How do we do that? Let's use ["s", "to", "pped"] as an example. We know that the final token, "pped", has an
overlap of 1 with the stop string, "stop". We then go back to the previous token, "to". Since we have already
matched 1 character from the stop string, the remainder to check is "sto". We check that the next token "to"
matches the end of the remainder, which it does. We have now matched 3 characters from the stop string, and the
remainder to match is "s". We go back to the previous token again, which is also "s". This is a match, and so
we have matched the entire stop string.
How does it work when the tokens run off the start of the stop string, though? Let's consider the example of
["las", "topper"]. The final token, "topper", has an overlap of 3 with the stop string, "stop". Therefore,
the remaining stop string to match is "s". We go back to the previous token, "las". Because the remainder to
match is just "s", with length 1, we consider only the final 1 character from the token, which is "s". This
matches the stop string, and so the entire string is matched.
How do we compute these matches with tensor operations, though? Simply: we efficiently precompute the necessary
information for all tokens!

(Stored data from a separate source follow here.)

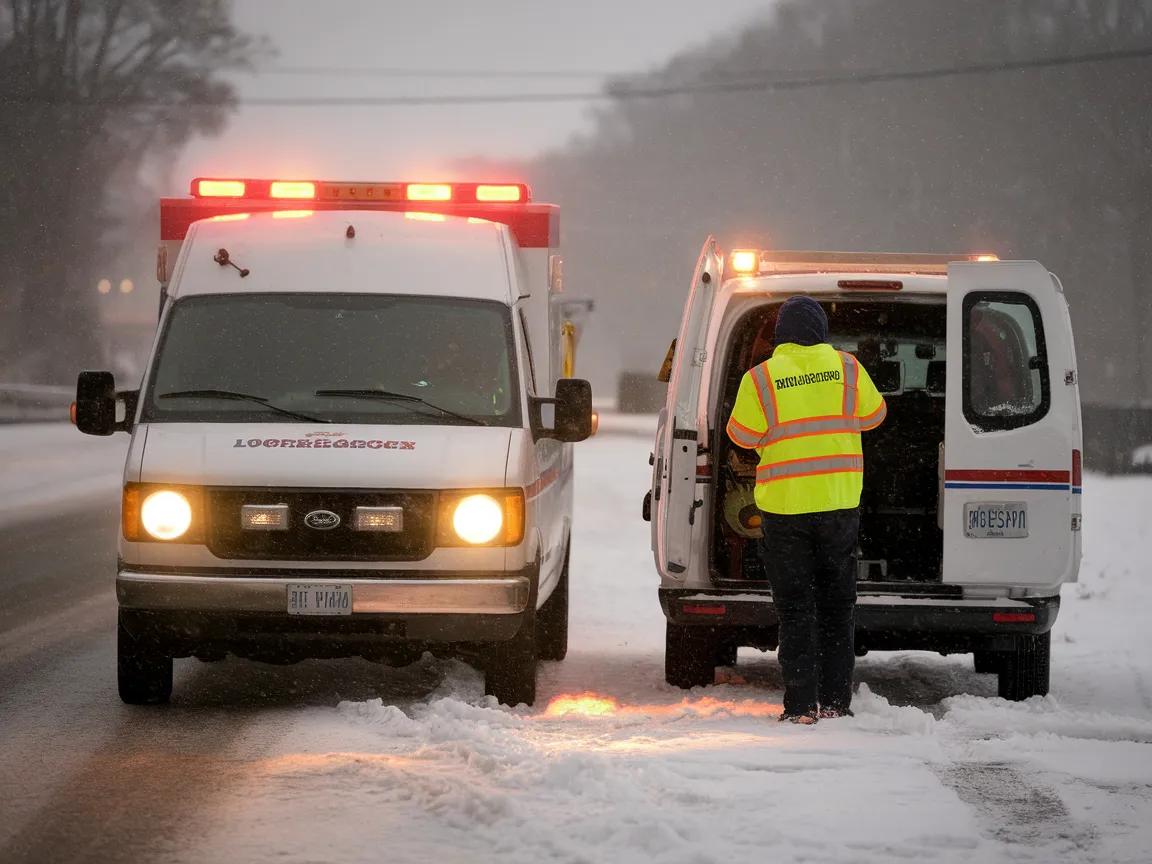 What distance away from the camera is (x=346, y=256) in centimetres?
883

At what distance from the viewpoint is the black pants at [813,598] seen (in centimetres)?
758

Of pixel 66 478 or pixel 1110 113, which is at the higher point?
pixel 1110 113

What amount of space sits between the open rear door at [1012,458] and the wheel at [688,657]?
1422 mm

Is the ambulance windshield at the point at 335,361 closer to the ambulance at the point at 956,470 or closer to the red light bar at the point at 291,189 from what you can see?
the ambulance at the point at 956,470

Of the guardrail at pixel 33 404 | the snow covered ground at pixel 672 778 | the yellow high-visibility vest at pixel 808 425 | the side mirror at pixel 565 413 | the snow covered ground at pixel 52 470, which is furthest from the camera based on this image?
the guardrail at pixel 33 404

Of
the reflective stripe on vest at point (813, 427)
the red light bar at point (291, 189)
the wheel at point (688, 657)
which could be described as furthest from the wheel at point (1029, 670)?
the red light bar at point (291, 189)

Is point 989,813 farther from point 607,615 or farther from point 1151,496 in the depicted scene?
point 1151,496

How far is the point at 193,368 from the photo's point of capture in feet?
27.6

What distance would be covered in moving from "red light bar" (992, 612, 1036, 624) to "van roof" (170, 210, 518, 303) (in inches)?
113

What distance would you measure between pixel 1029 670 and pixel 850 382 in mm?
2073

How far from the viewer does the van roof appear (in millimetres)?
8719

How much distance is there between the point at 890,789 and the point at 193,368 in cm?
419

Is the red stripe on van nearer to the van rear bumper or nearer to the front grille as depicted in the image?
the van rear bumper

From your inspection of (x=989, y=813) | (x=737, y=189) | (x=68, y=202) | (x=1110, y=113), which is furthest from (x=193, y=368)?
(x=737, y=189) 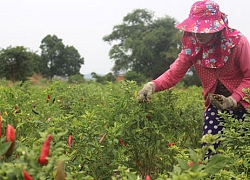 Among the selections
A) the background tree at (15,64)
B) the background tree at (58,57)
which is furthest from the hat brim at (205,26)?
the background tree at (58,57)

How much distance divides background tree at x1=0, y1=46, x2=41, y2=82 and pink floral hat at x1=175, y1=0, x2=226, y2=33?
22117 mm

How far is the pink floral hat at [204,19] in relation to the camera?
2.34 metres

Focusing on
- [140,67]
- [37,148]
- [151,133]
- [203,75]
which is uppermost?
[140,67]

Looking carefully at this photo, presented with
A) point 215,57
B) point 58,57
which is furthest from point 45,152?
point 58,57

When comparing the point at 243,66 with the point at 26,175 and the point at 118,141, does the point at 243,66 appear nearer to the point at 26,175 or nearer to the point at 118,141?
the point at 118,141

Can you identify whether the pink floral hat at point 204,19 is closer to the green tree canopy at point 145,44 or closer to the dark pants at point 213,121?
the dark pants at point 213,121

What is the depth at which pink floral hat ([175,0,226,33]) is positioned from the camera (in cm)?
234

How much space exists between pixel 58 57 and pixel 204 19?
47600 mm

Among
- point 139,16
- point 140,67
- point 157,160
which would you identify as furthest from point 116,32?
point 157,160

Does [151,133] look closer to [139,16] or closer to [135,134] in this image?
[135,134]

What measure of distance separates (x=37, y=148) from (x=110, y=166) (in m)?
1.14

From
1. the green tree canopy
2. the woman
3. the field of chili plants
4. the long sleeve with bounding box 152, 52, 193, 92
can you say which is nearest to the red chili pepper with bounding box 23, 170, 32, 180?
the field of chili plants

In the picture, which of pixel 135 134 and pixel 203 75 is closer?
pixel 135 134

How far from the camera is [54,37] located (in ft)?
165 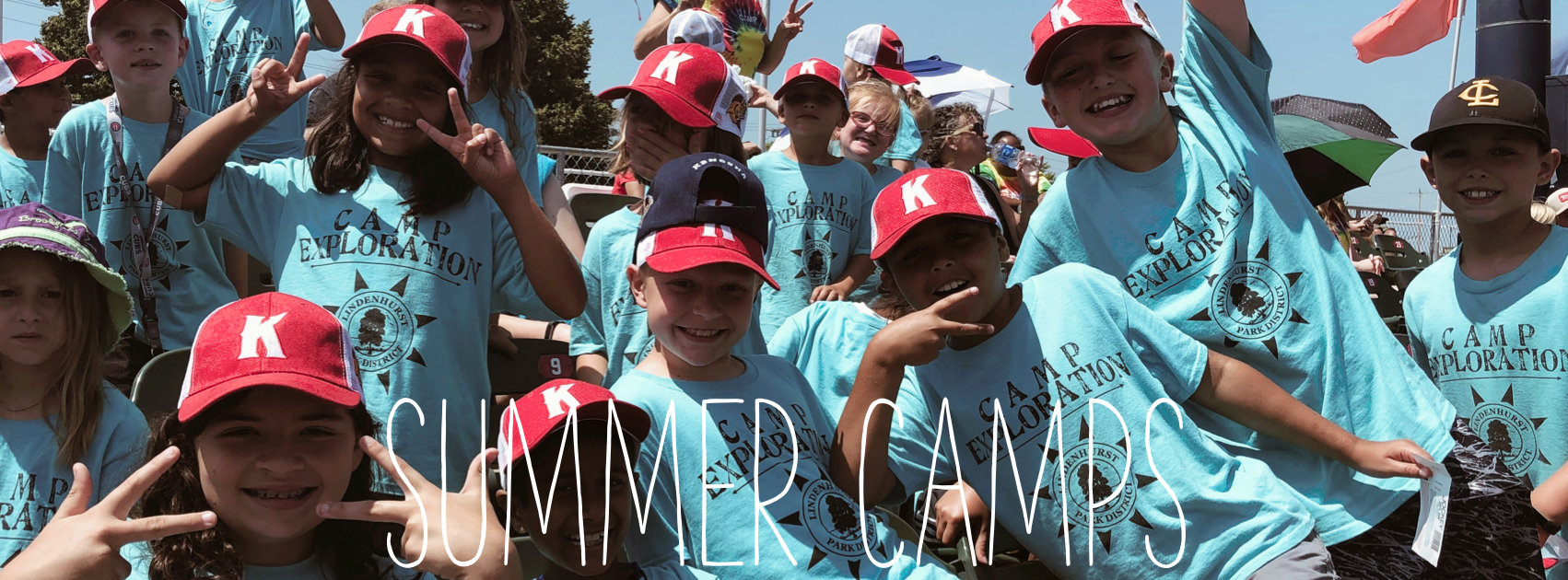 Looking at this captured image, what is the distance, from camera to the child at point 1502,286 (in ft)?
10.8

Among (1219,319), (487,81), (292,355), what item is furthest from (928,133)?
(292,355)

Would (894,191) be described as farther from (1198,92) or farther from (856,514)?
(1198,92)

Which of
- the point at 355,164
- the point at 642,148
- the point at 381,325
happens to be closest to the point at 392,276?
Result: the point at 381,325

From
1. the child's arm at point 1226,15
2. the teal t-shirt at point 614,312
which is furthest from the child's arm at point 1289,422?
the teal t-shirt at point 614,312

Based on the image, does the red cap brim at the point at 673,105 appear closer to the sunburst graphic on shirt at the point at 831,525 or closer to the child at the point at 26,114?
the sunburst graphic on shirt at the point at 831,525

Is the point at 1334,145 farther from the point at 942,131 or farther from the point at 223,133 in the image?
the point at 223,133

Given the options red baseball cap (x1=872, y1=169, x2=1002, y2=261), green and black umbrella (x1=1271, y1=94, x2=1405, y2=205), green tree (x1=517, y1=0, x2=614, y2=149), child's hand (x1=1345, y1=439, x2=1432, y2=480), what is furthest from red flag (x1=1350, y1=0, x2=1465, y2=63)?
green tree (x1=517, y1=0, x2=614, y2=149)

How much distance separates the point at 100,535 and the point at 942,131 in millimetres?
5619

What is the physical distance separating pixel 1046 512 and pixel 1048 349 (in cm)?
38

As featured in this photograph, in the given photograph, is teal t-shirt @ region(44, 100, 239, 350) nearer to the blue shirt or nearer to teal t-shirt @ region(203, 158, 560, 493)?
the blue shirt

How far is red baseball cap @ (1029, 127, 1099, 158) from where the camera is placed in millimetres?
4316

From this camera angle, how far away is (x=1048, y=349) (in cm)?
261

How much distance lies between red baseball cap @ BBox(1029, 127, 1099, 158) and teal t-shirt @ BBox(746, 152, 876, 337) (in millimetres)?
723

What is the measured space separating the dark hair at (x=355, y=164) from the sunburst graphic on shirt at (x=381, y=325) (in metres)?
0.24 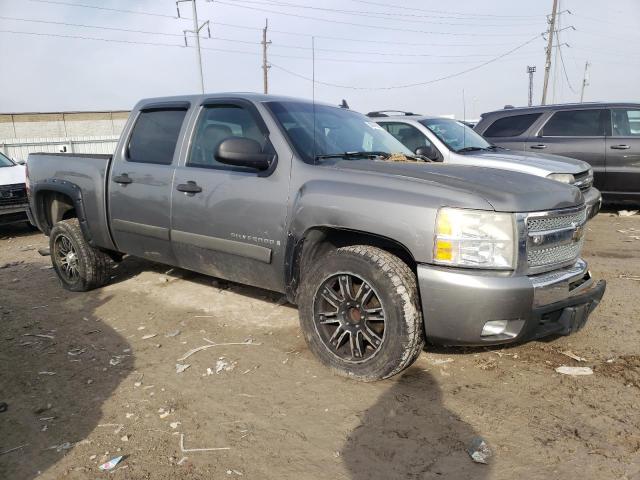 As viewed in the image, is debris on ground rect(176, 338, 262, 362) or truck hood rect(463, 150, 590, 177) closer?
debris on ground rect(176, 338, 262, 362)

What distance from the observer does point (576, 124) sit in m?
8.66

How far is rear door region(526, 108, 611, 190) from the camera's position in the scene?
850 centimetres

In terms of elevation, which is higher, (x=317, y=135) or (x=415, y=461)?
(x=317, y=135)

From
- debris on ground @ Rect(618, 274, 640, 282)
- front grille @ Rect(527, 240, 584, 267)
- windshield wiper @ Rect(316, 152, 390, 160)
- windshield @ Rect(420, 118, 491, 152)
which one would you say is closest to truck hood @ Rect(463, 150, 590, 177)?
windshield @ Rect(420, 118, 491, 152)

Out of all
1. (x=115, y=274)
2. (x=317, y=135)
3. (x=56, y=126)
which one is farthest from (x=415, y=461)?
(x=56, y=126)

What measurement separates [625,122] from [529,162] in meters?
3.27

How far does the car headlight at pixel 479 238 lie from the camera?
2775 mm

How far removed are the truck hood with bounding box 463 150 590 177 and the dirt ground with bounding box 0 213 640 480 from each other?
2.26 metres

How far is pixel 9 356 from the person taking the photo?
380 centimetres

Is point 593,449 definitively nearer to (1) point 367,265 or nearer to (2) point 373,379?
(2) point 373,379

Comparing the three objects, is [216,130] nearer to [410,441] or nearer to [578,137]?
[410,441]

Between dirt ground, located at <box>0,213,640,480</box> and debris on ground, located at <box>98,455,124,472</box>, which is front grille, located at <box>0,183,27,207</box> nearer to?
dirt ground, located at <box>0,213,640,480</box>

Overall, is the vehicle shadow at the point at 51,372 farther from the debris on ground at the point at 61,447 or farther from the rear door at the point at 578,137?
the rear door at the point at 578,137

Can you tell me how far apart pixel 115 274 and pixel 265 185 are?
321 cm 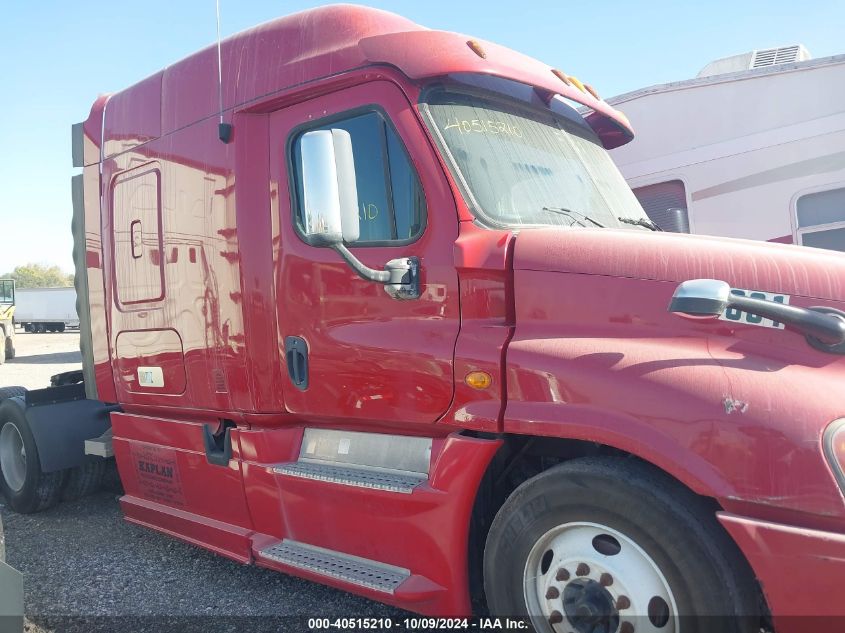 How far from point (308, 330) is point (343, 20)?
1448 millimetres

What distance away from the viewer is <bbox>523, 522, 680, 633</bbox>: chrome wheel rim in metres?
2.43

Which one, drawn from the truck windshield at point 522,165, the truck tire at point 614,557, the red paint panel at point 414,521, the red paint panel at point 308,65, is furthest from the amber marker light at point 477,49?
the truck tire at point 614,557

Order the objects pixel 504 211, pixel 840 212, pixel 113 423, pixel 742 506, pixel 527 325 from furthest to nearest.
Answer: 1. pixel 840 212
2. pixel 113 423
3. pixel 504 211
4. pixel 527 325
5. pixel 742 506

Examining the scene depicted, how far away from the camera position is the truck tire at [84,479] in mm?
5492

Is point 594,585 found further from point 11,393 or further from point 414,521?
point 11,393

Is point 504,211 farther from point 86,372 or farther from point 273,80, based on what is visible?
point 86,372

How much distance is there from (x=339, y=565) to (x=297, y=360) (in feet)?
3.12

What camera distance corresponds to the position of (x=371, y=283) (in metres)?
3.10

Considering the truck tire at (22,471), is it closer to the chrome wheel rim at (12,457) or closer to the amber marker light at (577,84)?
the chrome wheel rim at (12,457)

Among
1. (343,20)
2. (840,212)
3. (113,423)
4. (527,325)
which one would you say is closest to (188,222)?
(343,20)

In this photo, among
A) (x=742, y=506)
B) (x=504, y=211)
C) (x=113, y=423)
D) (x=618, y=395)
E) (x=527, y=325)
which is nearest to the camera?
(x=742, y=506)

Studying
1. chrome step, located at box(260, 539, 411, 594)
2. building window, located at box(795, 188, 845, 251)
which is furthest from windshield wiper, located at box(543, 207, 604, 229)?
building window, located at box(795, 188, 845, 251)

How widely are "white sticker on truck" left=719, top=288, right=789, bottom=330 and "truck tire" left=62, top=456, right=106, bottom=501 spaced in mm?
4840

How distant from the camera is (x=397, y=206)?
121 inches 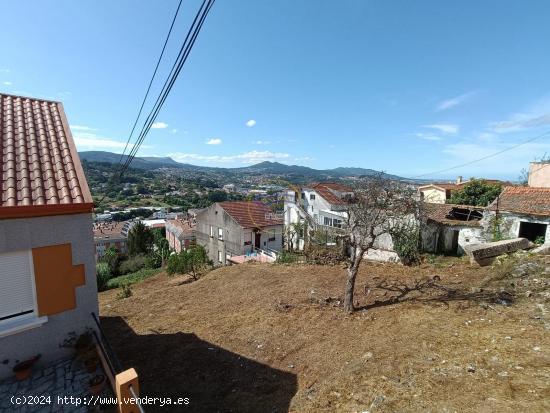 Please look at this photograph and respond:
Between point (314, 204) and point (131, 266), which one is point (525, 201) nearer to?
point (314, 204)

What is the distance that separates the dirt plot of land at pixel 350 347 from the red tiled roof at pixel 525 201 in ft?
22.2

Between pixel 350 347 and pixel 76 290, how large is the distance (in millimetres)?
5574

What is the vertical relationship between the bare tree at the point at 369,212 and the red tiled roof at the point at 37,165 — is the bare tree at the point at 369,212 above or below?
below

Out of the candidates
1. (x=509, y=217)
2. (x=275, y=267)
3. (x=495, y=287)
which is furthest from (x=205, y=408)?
(x=509, y=217)

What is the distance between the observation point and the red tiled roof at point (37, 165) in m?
4.38

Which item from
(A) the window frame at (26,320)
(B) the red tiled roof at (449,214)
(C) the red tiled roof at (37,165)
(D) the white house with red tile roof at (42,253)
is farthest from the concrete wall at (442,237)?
(A) the window frame at (26,320)

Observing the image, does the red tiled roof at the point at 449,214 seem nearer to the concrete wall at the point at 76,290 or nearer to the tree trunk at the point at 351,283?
the tree trunk at the point at 351,283

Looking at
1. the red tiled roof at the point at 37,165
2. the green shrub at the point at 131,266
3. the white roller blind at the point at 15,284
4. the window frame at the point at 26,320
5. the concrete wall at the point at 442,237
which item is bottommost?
the green shrub at the point at 131,266

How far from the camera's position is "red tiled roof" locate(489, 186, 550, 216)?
14.3m

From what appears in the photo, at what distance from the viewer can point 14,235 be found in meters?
4.23

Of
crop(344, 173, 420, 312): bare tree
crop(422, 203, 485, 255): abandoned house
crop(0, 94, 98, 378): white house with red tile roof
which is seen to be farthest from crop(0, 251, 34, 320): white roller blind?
crop(422, 203, 485, 255): abandoned house

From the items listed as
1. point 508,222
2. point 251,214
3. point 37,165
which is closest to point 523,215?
point 508,222

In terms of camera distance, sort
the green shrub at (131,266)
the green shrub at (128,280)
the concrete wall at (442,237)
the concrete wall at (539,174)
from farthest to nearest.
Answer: the green shrub at (131,266)
the concrete wall at (539,174)
the green shrub at (128,280)
the concrete wall at (442,237)

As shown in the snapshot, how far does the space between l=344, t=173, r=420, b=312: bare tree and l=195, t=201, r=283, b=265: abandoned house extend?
58.8 feet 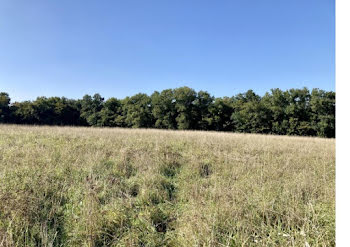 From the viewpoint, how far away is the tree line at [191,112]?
27.6 metres

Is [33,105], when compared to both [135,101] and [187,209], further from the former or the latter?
[187,209]

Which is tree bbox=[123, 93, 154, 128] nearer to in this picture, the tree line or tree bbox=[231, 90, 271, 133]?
the tree line

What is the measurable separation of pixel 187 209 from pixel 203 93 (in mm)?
32260

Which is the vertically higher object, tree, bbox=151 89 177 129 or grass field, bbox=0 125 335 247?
tree, bbox=151 89 177 129

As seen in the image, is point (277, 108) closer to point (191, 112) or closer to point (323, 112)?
point (323, 112)

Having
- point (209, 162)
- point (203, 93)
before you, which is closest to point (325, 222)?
point (209, 162)

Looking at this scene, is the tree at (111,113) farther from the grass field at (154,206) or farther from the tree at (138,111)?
the grass field at (154,206)

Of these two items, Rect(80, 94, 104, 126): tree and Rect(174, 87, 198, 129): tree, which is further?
Rect(80, 94, 104, 126): tree

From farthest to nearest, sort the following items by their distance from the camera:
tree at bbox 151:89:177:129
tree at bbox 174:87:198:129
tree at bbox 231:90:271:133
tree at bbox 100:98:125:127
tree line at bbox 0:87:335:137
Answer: tree at bbox 100:98:125:127 → tree at bbox 151:89:177:129 → tree at bbox 174:87:198:129 → tree at bbox 231:90:271:133 → tree line at bbox 0:87:335:137

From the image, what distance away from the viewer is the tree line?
27.6m

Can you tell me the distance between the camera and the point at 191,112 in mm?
32188

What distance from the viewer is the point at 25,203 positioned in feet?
7.64

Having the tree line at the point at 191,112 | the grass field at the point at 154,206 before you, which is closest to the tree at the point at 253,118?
the tree line at the point at 191,112

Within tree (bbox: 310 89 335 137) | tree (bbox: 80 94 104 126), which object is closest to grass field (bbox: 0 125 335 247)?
tree (bbox: 310 89 335 137) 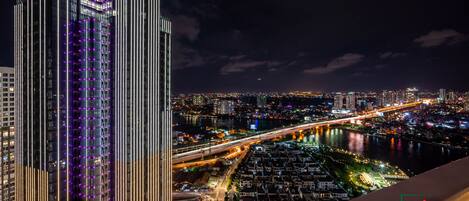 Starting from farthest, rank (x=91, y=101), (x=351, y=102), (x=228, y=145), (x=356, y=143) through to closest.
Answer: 1. (x=351, y=102)
2. (x=356, y=143)
3. (x=228, y=145)
4. (x=91, y=101)

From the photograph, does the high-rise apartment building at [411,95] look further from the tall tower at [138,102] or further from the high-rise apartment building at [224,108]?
the tall tower at [138,102]

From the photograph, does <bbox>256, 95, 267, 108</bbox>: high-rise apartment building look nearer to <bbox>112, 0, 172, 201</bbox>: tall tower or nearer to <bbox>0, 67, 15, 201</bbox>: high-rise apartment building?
<bbox>112, 0, 172, 201</bbox>: tall tower

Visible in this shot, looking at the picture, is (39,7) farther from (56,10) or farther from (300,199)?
(300,199)

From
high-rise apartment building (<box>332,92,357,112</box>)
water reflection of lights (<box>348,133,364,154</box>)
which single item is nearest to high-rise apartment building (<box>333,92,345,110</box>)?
high-rise apartment building (<box>332,92,357,112</box>)

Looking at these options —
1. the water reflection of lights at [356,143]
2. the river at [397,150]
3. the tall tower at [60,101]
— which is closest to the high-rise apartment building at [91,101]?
the tall tower at [60,101]

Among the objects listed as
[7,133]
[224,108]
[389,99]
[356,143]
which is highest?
[389,99]

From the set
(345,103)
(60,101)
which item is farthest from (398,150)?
(345,103)

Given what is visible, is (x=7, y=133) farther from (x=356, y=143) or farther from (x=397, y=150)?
(x=356, y=143)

For every token, we compute:
- Its overlap with the end of the stop string, if any
- The positions inside the stop string where the token matches, including matches that run off the start.
- The total length of the token
For example, for the token "pped", we would compute an end overlap of 1, no internal matching positions,
and a length of 4. For the token "to", we would compute no end overlap, a single internal matching position
of 1 (counting from the end), and a length of 2. For the token "s", we would compute no end overlap,
a single internal matching position of 3 (again counting from the end) and a length of 1.
As long as we have this information, we can execute the algorithm above without any string comparison
operations. We simply perform the following steps:
- Check if the final token has an end-overlap with the start string
- Continue backwards, keeping track of how much of the stop string we've matched so far
- At each point, check if the next token has the current position as one of its valid positions
- Continue until either a match fails, or we completely match the whole stop string
Again, consider ["s", "to", "pped"] as an example. "pped" has an end overlap of 1, so we can begin a match.
We have matched 1 character so far, so we check that the next token "to", has 1 as a valid position (again,
counting from the end). It does, so we add the length of "to" to our position tracker. We have now matched
3 characters, so we check that the next token "s" has 3 as a valid position. It does, so we add its length
to the position tracker. The position tracker is now 4, which is the length of the stop string. We have matched the
entire stop string.
In the second case, ["las", "topper"], "topper" has an end overlap of 3, so we can begin a match. We have
matched 3 characters so far, so we check that the next token "las" has 3 as a valid position. It does, because we
allow tokens to match positions that run off the start of the stop string. We add its length to the position
tracker. The position tracker is now 6, which is greater than the length of the stop string! Don't panic, though -
this also counts as a match of the stop string. We have matched the entire stop string.